I was going to take fireworks photos on Saturday with my Canon G10, which has a fireworks mode (focus at infinity, 2-second exposure, f8.0, ISO 80), but decided that I was already carrying more to the park—chairs, blanket, bug spray, etc.—than I wanted to. Maybe I’ll take photos next year, when my boys are older and can share more of the burden. In preparation for the photos I never took, I “made” a cable release for the camera, the highly intricate plans for which are detailed below.

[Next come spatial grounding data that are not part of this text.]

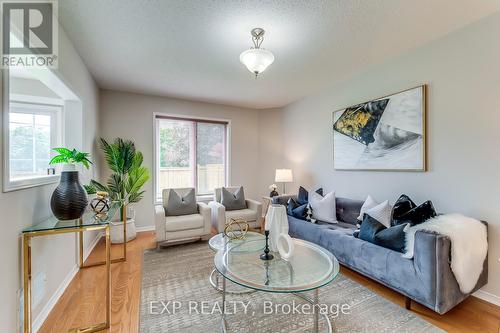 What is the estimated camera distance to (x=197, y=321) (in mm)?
1726

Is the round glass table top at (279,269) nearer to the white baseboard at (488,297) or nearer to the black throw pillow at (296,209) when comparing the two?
the black throw pillow at (296,209)

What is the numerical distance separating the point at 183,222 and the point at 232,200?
1002 millimetres

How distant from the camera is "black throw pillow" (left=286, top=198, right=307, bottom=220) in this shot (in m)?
3.15

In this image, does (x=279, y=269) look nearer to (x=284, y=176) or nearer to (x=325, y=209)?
(x=325, y=209)

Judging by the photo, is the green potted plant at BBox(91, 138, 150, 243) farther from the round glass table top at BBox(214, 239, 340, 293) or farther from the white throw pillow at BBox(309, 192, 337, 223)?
the white throw pillow at BBox(309, 192, 337, 223)

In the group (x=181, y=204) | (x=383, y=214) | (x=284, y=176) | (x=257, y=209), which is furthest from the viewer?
(x=284, y=176)

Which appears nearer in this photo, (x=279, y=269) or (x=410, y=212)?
(x=279, y=269)

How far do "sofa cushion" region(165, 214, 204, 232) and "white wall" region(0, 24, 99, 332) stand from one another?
106 cm

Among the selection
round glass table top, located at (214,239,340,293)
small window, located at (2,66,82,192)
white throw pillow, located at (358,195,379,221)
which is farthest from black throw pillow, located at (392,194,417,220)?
small window, located at (2,66,82,192)

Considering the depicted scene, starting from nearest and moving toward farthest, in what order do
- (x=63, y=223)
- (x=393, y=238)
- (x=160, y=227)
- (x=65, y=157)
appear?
1. (x=63, y=223)
2. (x=65, y=157)
3. (x=393, y=238)
4. (x=160, y=227)

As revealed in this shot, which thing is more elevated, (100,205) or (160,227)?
(100,205)

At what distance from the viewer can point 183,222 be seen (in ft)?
10.5

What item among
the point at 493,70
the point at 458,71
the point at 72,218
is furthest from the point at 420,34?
the point at 72,218

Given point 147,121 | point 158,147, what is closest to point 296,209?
point 158,147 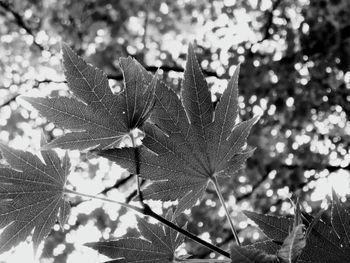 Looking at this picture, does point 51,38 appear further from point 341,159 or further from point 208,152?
point 208,152

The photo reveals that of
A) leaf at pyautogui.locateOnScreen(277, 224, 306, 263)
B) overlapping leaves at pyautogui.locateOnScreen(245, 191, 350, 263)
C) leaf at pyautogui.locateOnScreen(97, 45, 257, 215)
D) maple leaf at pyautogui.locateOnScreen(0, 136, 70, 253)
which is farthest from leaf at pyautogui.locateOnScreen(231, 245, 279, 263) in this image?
maple leaf at pyautogui.locateOnScreen(0, 136, 70, 253)

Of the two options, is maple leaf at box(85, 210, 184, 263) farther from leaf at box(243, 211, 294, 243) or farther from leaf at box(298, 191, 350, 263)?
leaf at box(298, 191, 350, 263)

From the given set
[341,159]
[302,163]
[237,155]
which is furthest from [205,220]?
[237,155]

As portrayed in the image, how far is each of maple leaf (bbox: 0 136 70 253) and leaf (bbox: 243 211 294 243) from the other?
677 millimetres

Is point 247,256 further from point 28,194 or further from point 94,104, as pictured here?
point 28,194

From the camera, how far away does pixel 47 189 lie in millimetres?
1304

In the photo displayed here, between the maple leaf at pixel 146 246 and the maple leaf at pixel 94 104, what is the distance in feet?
1.01

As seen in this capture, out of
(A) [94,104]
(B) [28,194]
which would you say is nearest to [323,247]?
(A) [94,104]

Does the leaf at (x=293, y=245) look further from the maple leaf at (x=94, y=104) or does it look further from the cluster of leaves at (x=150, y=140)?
the maple leaf at (x=94, y=104)

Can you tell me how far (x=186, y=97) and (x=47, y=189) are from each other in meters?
0.59

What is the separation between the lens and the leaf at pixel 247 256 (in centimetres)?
77

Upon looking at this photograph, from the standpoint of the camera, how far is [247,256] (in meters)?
0.77

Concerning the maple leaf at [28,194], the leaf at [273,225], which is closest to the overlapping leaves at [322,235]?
the leaf at [273,225]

A cable release is way of remotely operating the shutter of your camera. Its used mainly to take long-exposure photos without touching— and thereby shaking—the camera. Canon makes a cable release for the G10, but it’s only two feet long and pretty expensive for an item that I don’t expect to use very often.

You can also use the G10’s self-timer as a sort of cable release. Set up the camera to use the timer, press the shutter button, and pull your hands back so the camera’s vibration damps out before the timer opens the shutter. I’ve used this method many times with several camera models; it works fine, but it is a bit slow and awkward compared to a real cable release.

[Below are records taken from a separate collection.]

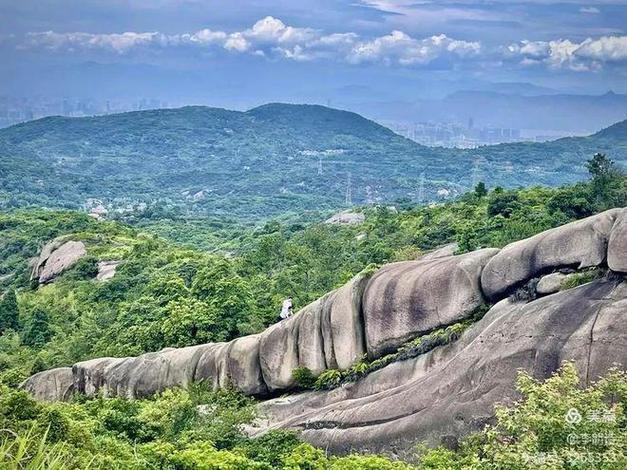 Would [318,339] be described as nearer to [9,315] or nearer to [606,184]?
[606,184]

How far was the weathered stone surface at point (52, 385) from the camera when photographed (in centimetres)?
3247

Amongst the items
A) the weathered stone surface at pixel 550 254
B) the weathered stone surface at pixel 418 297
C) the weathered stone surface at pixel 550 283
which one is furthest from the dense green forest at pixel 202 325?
the weathered stone surface at pixel 550 254

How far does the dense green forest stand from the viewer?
12.4 metres

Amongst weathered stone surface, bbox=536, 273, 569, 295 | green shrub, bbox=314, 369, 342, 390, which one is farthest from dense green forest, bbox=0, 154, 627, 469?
weathered stone surface, bbox=536, 273, 569, 295

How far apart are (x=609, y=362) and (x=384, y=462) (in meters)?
5.12

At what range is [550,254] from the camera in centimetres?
1948

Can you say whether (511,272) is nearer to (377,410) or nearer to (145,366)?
(377,410)

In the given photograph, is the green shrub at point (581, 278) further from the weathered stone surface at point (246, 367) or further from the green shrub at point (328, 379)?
the weathered stone surface at point (246, 367)

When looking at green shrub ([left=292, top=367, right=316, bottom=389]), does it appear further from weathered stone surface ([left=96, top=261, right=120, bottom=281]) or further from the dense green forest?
weathered stone surface ([left=96, top=261, right=120, bottom=281])

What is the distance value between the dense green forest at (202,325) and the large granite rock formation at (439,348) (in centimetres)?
131

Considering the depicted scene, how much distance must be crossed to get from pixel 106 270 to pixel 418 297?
51529 mm

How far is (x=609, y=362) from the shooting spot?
16.0 metres

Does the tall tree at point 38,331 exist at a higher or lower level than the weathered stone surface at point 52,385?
lower

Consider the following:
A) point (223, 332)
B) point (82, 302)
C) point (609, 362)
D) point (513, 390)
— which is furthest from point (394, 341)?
point (82, 302) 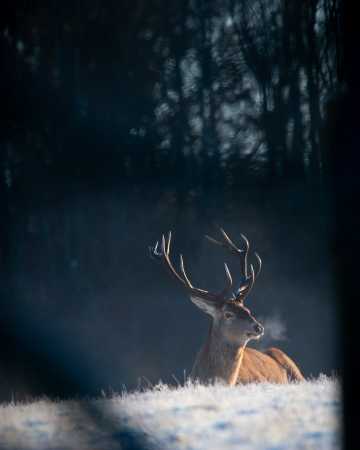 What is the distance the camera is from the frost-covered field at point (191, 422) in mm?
2094

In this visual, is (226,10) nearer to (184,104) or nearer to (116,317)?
(184,104)

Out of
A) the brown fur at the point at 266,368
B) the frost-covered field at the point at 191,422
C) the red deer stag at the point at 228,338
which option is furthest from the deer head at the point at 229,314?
the frost-covered field at the point at 191,422

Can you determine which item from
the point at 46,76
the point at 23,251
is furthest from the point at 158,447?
the point at 46,76

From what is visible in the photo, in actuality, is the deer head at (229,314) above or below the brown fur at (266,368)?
above

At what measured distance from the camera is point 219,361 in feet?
16.6

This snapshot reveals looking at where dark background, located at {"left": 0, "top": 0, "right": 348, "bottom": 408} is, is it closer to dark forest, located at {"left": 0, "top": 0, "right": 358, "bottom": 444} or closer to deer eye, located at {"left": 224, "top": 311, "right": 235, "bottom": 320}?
dark forest, located at {"left": 0, "top": 0, "right": 358, "bottom": 444}

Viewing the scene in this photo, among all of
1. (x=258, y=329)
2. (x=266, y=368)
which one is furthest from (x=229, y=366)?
(x=266, y=368)

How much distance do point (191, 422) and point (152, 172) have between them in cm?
544

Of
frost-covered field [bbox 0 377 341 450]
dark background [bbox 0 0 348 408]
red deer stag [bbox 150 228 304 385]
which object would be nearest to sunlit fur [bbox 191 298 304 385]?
red deer stag [bbox 150 228 304 385]

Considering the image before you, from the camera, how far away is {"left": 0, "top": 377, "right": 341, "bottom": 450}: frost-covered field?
2.09m

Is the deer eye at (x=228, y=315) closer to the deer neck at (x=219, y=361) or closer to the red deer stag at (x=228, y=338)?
the red deer stag at (x=228, y=338)

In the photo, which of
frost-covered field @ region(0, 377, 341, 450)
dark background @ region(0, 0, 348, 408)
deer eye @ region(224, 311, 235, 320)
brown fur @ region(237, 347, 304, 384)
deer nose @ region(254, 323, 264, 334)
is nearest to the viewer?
frost-covered field @ region(0, 377, 341, 450)

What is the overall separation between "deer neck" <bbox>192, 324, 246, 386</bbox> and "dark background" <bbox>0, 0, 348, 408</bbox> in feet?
7.85

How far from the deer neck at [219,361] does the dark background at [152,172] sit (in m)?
2.39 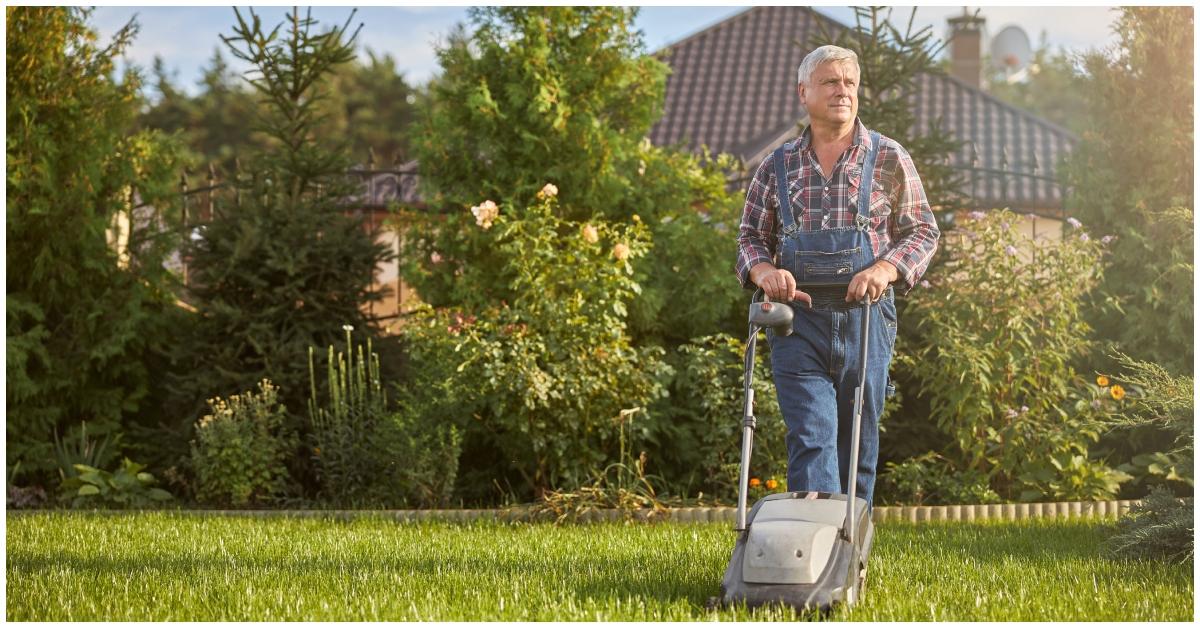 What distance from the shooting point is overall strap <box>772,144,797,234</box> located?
4.24 meters

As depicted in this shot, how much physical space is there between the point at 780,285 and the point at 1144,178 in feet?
14.8

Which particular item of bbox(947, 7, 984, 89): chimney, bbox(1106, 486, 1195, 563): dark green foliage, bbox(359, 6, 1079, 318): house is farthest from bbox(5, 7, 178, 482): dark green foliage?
bbox(947, 7, 984, 89): chimney

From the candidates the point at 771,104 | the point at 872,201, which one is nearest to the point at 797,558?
the point at 872,201

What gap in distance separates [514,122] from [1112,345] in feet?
11.9

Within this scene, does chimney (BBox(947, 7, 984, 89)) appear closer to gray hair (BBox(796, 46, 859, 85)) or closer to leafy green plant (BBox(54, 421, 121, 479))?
leafy green plant (BBox(54, 421, 121, 479))

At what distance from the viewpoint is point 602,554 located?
204 inches

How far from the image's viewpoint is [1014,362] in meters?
6.83

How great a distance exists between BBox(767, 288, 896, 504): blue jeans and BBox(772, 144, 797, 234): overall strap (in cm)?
25

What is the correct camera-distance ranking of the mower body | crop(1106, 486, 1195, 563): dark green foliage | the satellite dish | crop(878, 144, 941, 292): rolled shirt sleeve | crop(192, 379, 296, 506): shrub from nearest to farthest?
the mower body < crop(878, 144, 941, 292): rolled shirt sleeve < crop(1106, 486, 1195, 563): dark green foliage < crop(192, 379, 296, 506): shrub < the satellite dish

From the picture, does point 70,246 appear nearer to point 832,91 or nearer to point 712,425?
point 712,425

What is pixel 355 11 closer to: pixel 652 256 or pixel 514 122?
pixel 514 122

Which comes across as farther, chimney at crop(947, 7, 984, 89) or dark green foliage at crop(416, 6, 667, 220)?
chimney at crop(947, 7, 984, 89)

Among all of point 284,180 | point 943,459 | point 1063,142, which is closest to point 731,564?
point 943,459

The key to making your own cable release lies in recognizing that the official Canon product has a 2.5 mm (or 3/32″) TRS connector—i.e., mini stereo plug—that fits into a jack on the side of the G10’s body. This is just a smaller version of the standard 3.5 mm (1/8″) stereo plug you’ll find at the end of your iPod earbuds.

(Image taken from the G10 manual.)

Cables with 2.5 mm jacks are relatively rare, but cables with 3.5 mm jacks are as common as dirt. I had a couple of them in my electronic junk box, including a 10-footer that had the TRS jack at one end and a 9-pin serial connector at the other1. This cable, combined with a 3.5-to-2.5 mm adapter—which are fairly cheap—were all I needed.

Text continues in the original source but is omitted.